=== Section Start ===

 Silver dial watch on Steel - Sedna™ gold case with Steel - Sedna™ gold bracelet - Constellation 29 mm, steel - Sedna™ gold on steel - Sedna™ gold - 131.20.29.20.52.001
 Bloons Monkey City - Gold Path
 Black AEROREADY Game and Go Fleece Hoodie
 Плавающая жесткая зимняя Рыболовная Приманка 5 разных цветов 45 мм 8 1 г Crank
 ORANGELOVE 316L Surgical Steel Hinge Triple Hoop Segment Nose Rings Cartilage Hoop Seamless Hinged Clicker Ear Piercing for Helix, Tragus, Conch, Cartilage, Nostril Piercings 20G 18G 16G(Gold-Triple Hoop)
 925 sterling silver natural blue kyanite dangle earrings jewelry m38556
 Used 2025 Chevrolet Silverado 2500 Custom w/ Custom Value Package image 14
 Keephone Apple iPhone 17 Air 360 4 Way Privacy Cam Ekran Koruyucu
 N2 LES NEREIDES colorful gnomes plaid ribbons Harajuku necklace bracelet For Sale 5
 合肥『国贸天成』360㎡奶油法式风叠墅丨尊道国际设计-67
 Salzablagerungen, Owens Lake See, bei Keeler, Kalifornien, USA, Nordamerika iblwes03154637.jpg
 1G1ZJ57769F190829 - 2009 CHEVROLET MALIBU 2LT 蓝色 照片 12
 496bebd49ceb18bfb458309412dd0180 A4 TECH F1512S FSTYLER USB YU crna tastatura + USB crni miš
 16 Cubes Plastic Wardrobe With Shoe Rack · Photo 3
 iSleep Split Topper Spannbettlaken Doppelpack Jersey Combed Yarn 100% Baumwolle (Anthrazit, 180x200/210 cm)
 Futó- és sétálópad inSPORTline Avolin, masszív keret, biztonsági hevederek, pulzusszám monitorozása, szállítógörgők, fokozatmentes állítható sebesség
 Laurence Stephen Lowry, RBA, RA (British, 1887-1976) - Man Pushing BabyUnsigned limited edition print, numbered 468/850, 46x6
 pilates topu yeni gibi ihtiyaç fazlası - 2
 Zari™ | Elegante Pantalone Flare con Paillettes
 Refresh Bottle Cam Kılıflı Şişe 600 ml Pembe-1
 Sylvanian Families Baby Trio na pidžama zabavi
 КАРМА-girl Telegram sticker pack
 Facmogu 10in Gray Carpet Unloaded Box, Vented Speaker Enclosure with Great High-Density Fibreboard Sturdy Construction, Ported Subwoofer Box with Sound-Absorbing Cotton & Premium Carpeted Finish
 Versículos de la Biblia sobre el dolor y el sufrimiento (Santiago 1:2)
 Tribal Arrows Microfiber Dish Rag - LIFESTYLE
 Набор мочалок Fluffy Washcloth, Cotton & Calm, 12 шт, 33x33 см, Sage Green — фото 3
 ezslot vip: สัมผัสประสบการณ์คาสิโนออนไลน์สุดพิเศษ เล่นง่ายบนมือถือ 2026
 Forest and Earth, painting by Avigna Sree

=== Section End ===

Activity
For each line above that carries the word "Cotton", copy it out.

Solution to this problem
 Facmogu 10in Gray Carpet Unloaded Box, Vented Speaker Enclosure with Great High-Density Fibreboard Sturdy Construction, Ported Subwoofer Box with Sound-Absorbing Cotton & Premium Carpeted Finish
 Набор мочалок Fluffy Washcloth, Cotton & Calm, 12 шт, 33x33 см, Sage Green — фото 3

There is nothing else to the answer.